### TRY IT
None of the pictures should be copied, though every line of the listing must be printed exactly.

### DATA
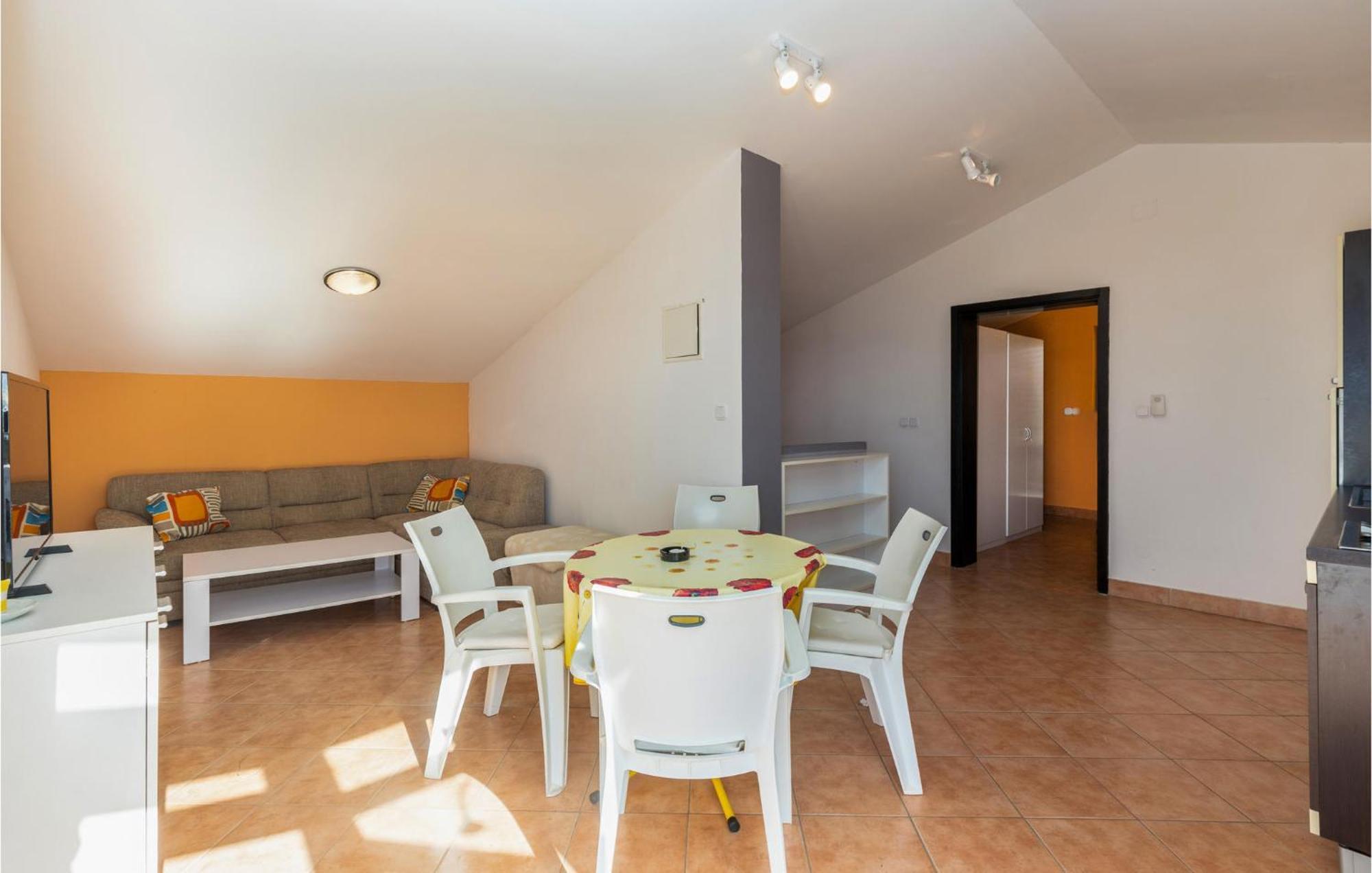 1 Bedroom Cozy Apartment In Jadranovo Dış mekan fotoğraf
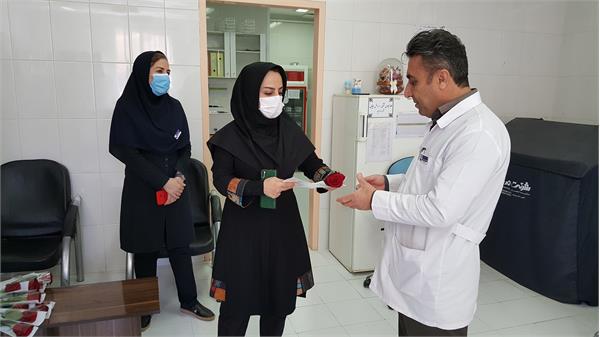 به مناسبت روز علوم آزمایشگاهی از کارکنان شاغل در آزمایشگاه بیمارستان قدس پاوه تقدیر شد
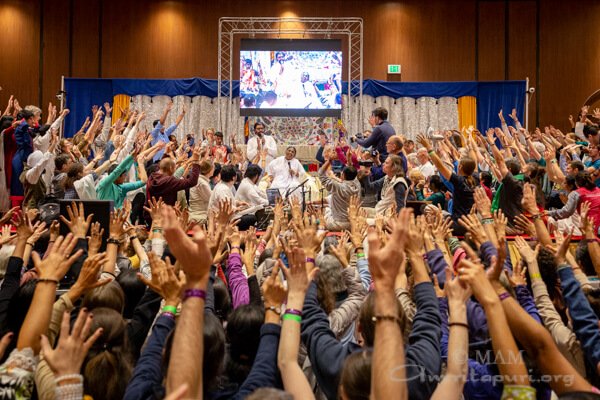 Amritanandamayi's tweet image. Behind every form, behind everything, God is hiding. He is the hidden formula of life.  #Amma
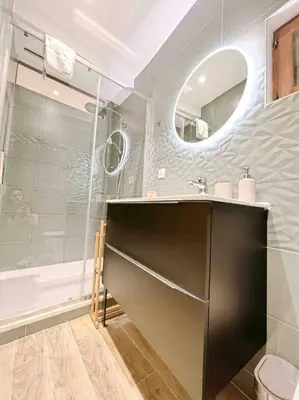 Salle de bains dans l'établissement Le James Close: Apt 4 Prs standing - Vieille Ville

### COMPLETED EXERCISE
 1 Bedroom Cozy Apartment In Jadranovo Dış mekan fotoğraf
 به مناسبت روز علوم آزمایشگاهی از کارکنان شاغل در آزمایشگاه بیمارستان قدس پاوه تقدیر شد
 Amritanandamayi's tweet image. Behind every form, behind everything, God is hiding. He is the hidden formula of life.  #Amma
 Salle de bains dans l'établissement Le James Close: Apt 4 Prs standing - Vieille Ville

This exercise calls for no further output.